PESCARA. «Vogliamo che l'Ater venga a controllare la stabilità della palazzina, non siamo più tranquilli. Dopo gli sgomberi a via Lago di Borgiano, anche noi abbiamo paura di finire per strada». È l'appello alle istituzioni di Anna Rachele Palestini, Angela Castellano e Giovanna Santilozzi, 83, 66 e 70 anni, tre inquiline residenti da mezzo secolo nella palazzina al civico 42 (gemella del civico 44) di via Bruno Buozzi, zona portuale della Madonnina.

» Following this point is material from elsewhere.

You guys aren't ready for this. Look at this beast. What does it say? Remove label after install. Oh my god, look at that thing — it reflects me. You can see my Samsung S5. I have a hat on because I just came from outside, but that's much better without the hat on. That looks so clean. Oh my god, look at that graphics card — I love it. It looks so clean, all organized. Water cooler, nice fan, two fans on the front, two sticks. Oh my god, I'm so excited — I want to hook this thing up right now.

Ci tengono a spiegare che sono mogli e figlie di pescatori e che le case sono state acquistate o affittate dai loro padri e dai loro mariti. L'esterno della palazzina di 4 piani, 16 famiglie, quasi tutti anziani e 4 disabili , è fatiscente, sembra quasi che caschi a pezzi. Ma quando entri dentro, ti accoglie un buon odore di pulito, i muri ridipinti di verde acido, le prese della corrente elettrica rimesse a nuovo, le scale tirate a lucido.

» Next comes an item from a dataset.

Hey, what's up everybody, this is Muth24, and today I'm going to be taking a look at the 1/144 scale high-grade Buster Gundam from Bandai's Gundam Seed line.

«Qui facciamo tutto noi, sistemiamo e puliamo perché l'Ater si fa vedere solo quando ci consegnano le bollette delle riparazioni delle fogne da pagare. No, anzi, gli operai sono venuti anche a montare il montascale per i disabili, ma questo attrezzo parte solo se gli dai una spinta e il rumore è assordante», spiega Anna Rachele, la decana della famiglia Palestini, tre generazioni di pescatori (capostipite Francesco Palestini) raccontate dal grande murale del porto di Termoli che occupa tutta la parete in cucina, 13 figli (la maggiore ha 64 anni), 30 nipoti e 21 pronipoti. Il suo appartamento, affittato 54 anni fa, è uno dei più grandi. «Dove avrei messo i figli, sennò?», afferma. Da un cassetto tira fuori il contratto di affitto dell'ex Iacp (istituto autonomo case popolari) adesso Ater, porta la data del 12 luglio 1963 quando ancora si pagavano 12.200 lire. «Vuole sapere come ho preso questa casa? Grazie a Spataro», rivela Anna Rachele. Un giorno di tanti anni fa, Giuseppe Spataro, politico vastese, si trovava a Pescara. La donna si trascinò dietro tre dei sette figli e lo raggiunse furibonda al Comune. «Non me ne vado da qui senza una casa. Spataro mantenne le promessa», racconta. Poi spalanca la finestra che dà sul ponte del Mare. Un panorama mozzafiato a 39 euro al mese. Ma non è tutto oro quello che luccica. Giovanna Santilozzi è la sorella di Marilena, disabile da quando era bambina. Per poter uscire di casa deve salire a bordo dell'elevatore. Che quando parte dal quarto piano fa un gran rumore e sveglia tutto il palazzo. «E quando scende, tocca le scale che sono tutte sbeccate. Non solo», afferma, «ogni tanto si ferma e gli devo dare un colpo per farlo ripartire. L'architetto Caizzi dell'Ater ci ha promesso più volte di venire a ripararlo, ma qui non si vede nessuno. Tutte le migliorie sono a nostre spese».
Da un altro appartamento, sullo stesso pianerottolo, esce Angela Castellano. È malata e quasi ogni giorno deve fare la chemioterapia. «Quando torno dall'ospedale», sottolinea, «non mi reggo in piedi, ma sono costretta a salire otto rampe di scale, perché in questo palazzo non c'è l'ascensore. Al terzo piano c'è un’inquilina che non esce di casa da cinque anni. Abbiamo chiesto l’ascensore da anni, ma dicono che mancano gli spazi per realizzarlo. Inoltre, in camera mia c'è la muffa alle pareti e col maltempo l'acqua della pioggia mi scende accanto al letto».